── Exercise input ──

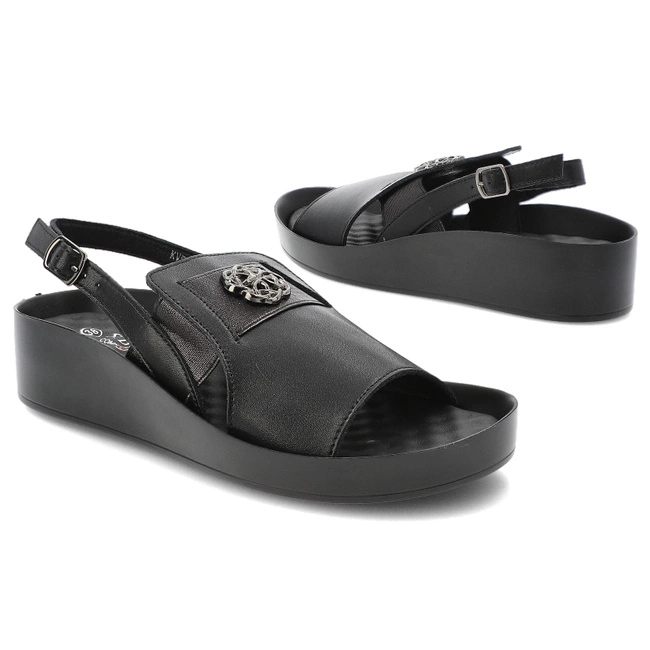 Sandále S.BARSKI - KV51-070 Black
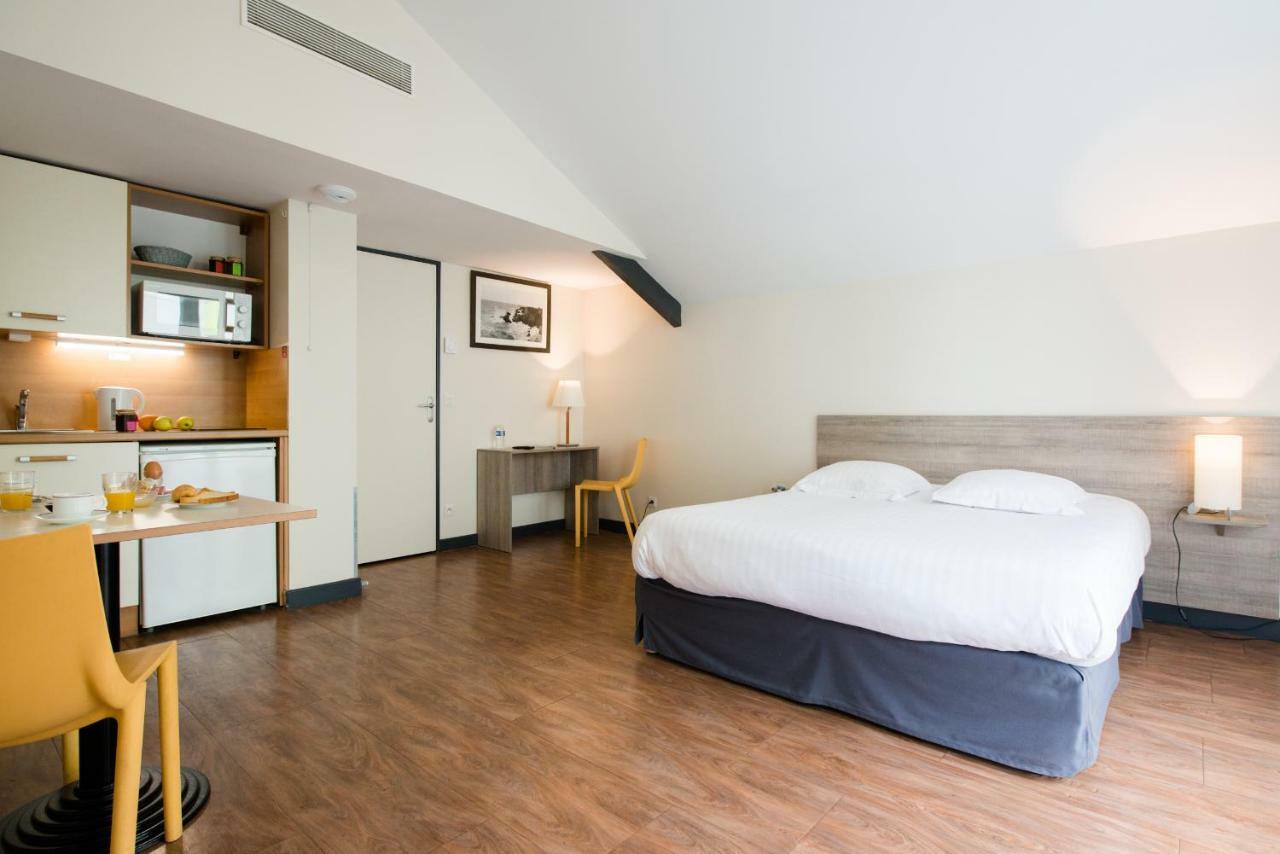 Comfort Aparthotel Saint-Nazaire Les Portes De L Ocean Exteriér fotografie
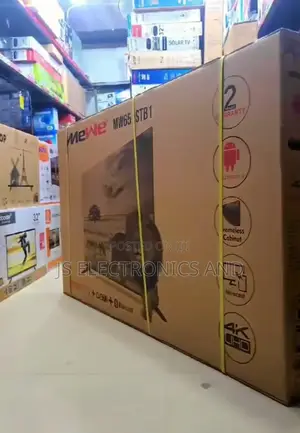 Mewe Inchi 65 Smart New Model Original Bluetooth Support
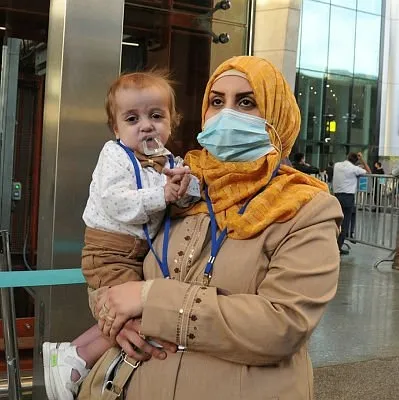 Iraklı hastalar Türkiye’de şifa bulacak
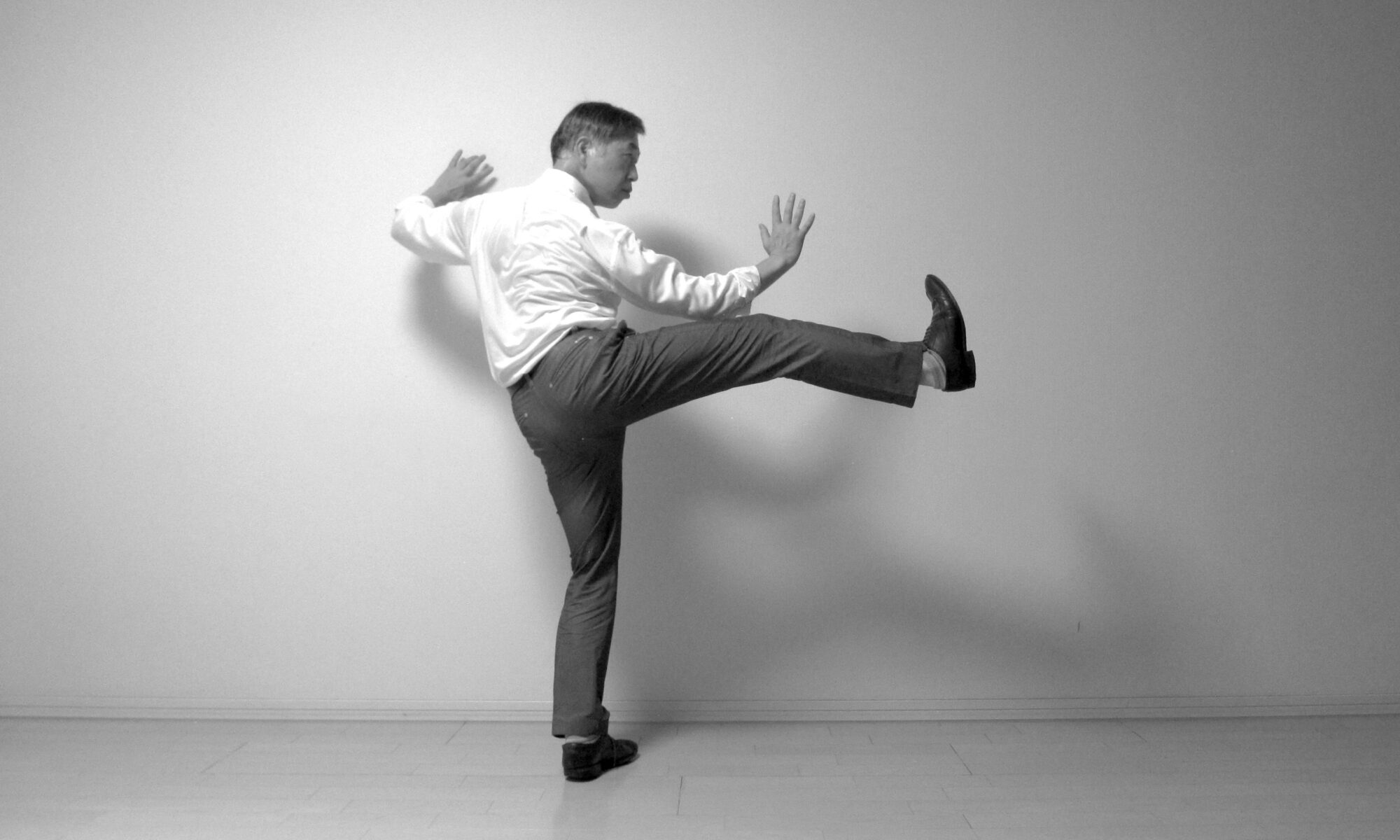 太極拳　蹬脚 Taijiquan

───
── Exercise input ──

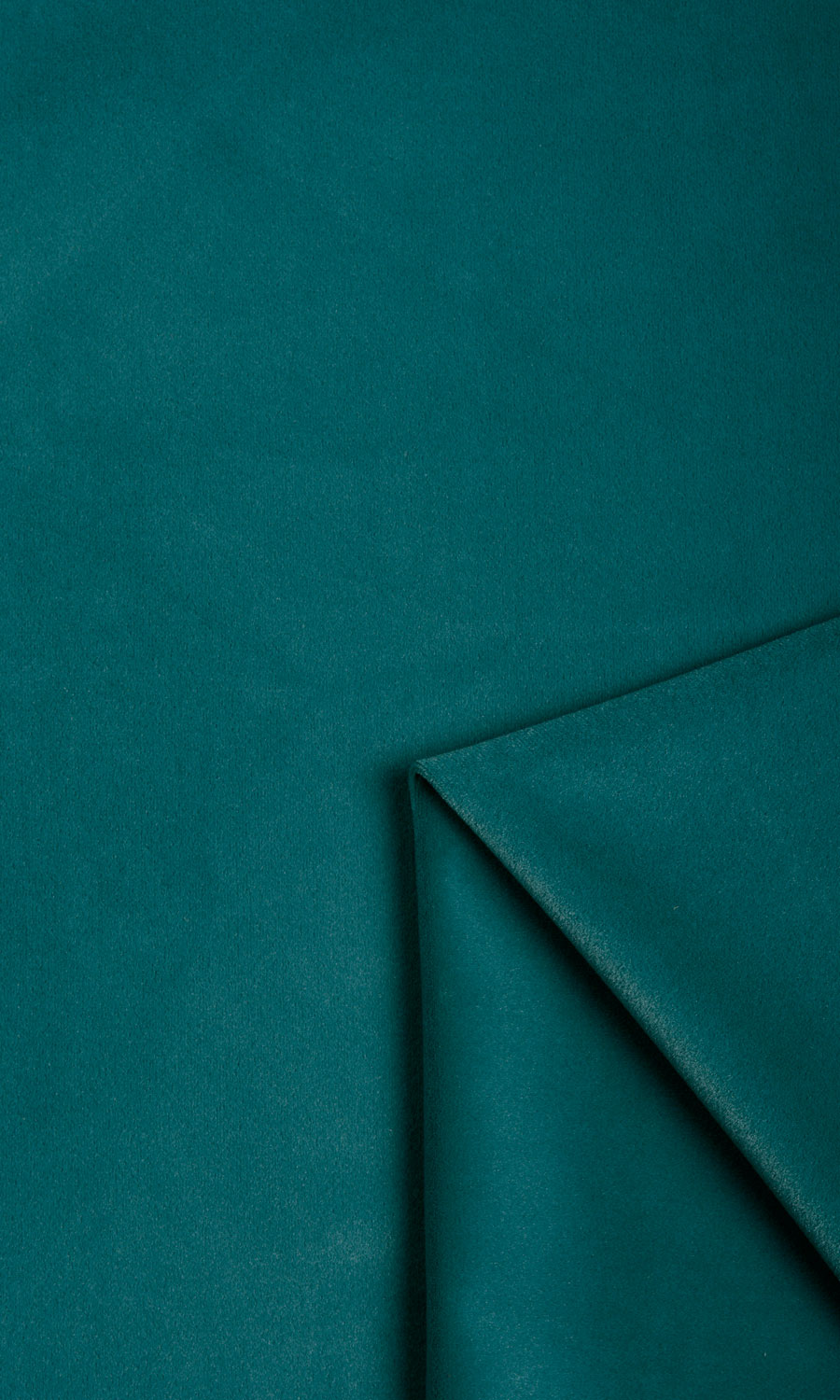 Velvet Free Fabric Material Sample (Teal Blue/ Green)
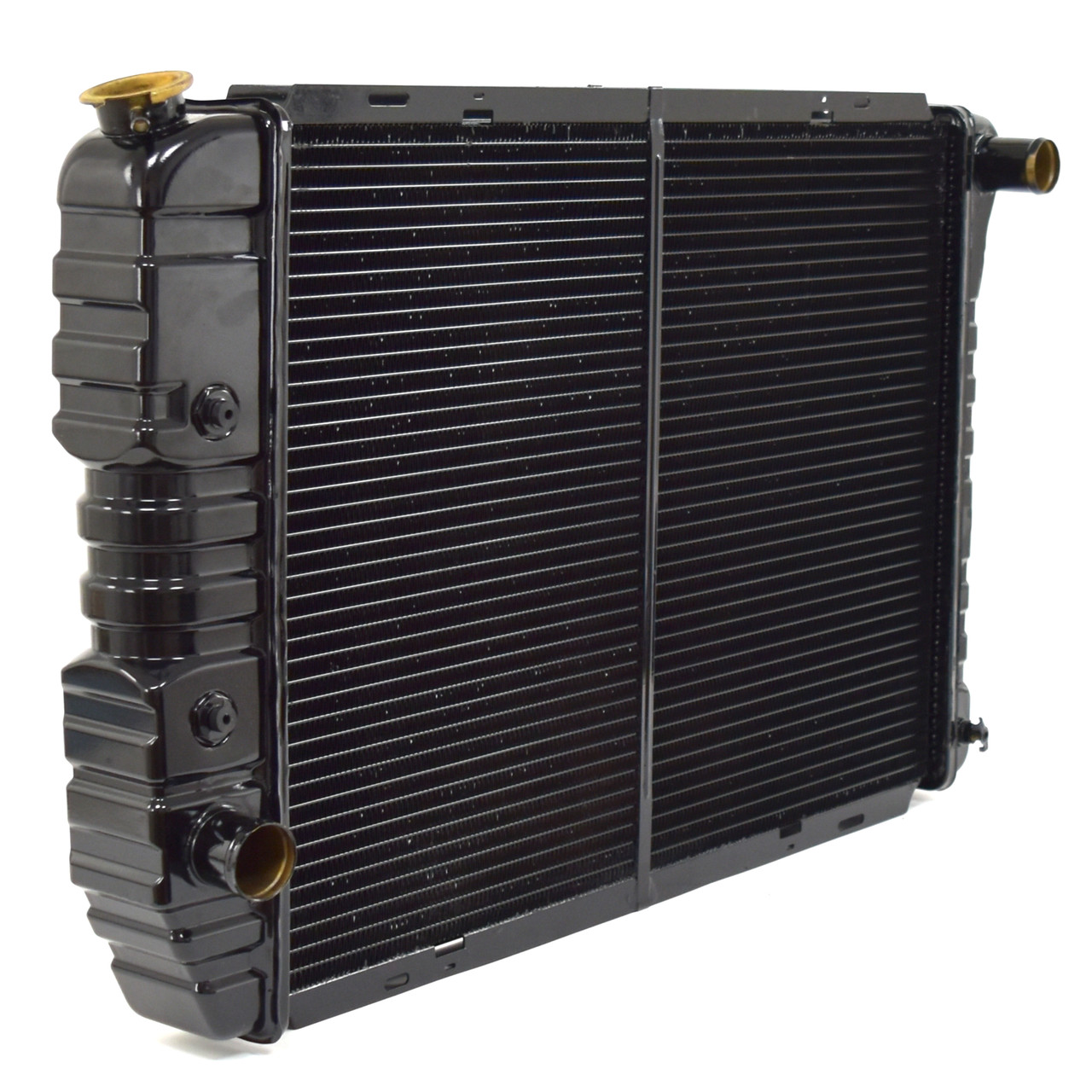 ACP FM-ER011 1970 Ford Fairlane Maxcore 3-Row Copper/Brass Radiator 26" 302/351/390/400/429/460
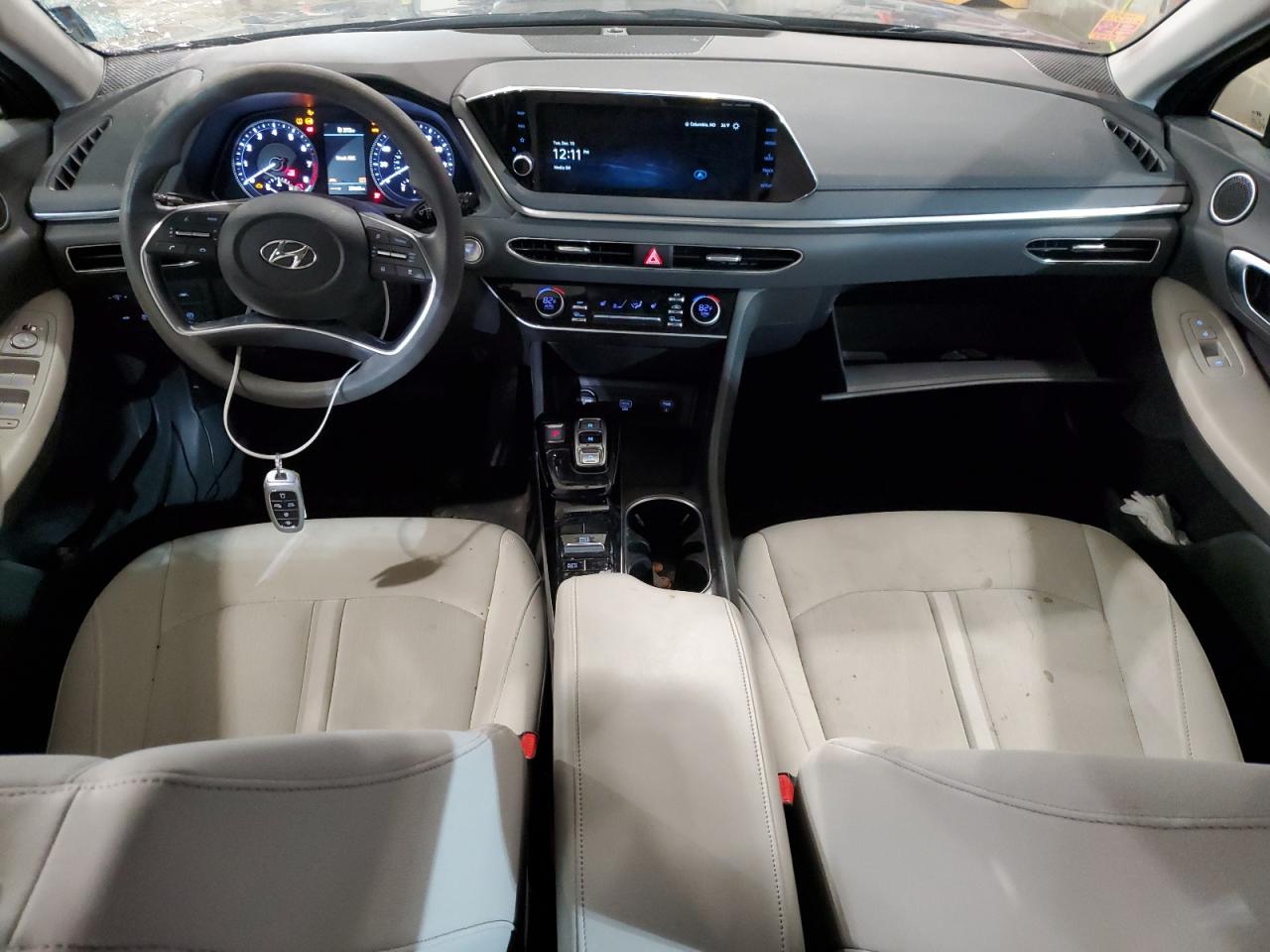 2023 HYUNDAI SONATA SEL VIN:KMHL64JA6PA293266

───

▶ _What to work on_
Please transcribe exactly the part of the records that opens with the line containing "Iraklı hastalar Türkiye’de şifa bulacak" and closes with the line containing "太極拳　蹬脚 Taijiquan", both ends included, and leave out the pictures.

▶ _Exercise output_
 Iraklı hastalar Türkiye’de şifa bulacak
 太極拳　蹬脚 Taijiquan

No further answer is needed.